How Coffee Got So Hot

What could explain coffee's tremendous appeal? A close look at Starbucks reveals several possibilities. According to Fortune magazine, "Starbucks has created one of the greatest marketing stories of recent history." It all began in Seattle's Pike Place Market in 1971, when Gerald Baldwin, Gordon Bowker and Zev Siegel opened the first store as a gourmet coffee shop. Howard Shultz purchased the six Starbucks stores which had opened by 1987; the stores, selling only whole beans and ground coffee, cost Shultz $3.8 million (Fortune, 1996). A trip to Milan in 1983 inspired Shultz to bring the European coffee shop to the United States. "He saw Italians congregate at hundreds of streetcorner espresso bars and thought he could export the idea to the States" (USA Today, p. B5). Earnings shot dramatically from $1 million in 1990 to $4.1 million in 1992 and to $26.1 million in 1995 (Schmitt, p. 80). How did Starbucks capture the attention of American consumers? True, the corporation tapped into a previously unmet need. True, Starbucks creates unique products by branding, such as the "frappaccino." But why are coffee drinkers so entranced? According to Schmitt, "Starbucks' emergence as the premier choice of coffee drinkers centers around its successful aesthetics- one that is largely based on style."

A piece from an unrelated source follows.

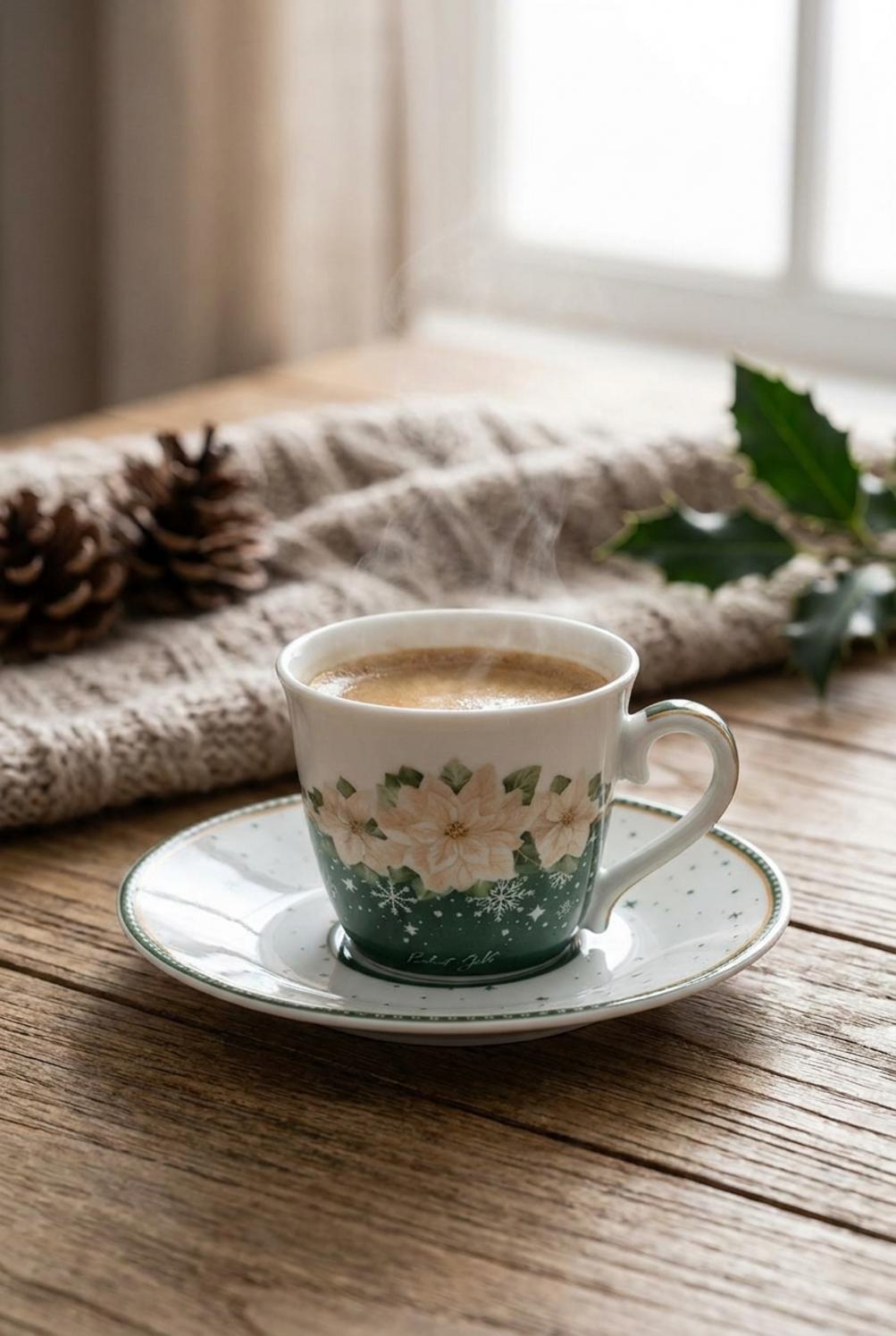 Silent Gold Tazzina Con Piattino Fiori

Starbucks created an aesthetic atmosphere all its own. Consumers experience a "soothing collection of things that seem to fit together," and are seduced (Schmitt, p. 82). Organic aesthetic elements, such as light wood tones and brown bags stimulate a naturalistic atmosphere. Inorganic touches, like glass shelves, polished marble counter tops, and modern white track lighting offer a contemporary feeling. The Starbucks logo demonstrates this dual message: a female human with long flowing hair, abstract-representational in form, is depicted in black and white and encircled by a band of green. This stylized presentation echoes the precision and artistic level of American offices- smooth, varnished light woods, dark marble, and well-designed blend of organic and modern touches have been in use for over a decade (Schmitt, p. 83). Starbucks packages lure consumers as well. Coffee beans hugged by smooth, straight, soft bags make the bumpy contents seem smooth; Chips Ahoy employs the same matte-feel packaging for hard cookies. Each package displays a design unique to the type of coffee in the collection. According to Scmitt, the colorful graphics offer planned divergence from a basic uniformity of style. "It is a poster-art look that uses a minimalist base accessorized by a touch of ornamentalism" (Scmitt, p. 84). Starbucks' organized, familiar style, although borrowed from known artistic looks, allures consumers.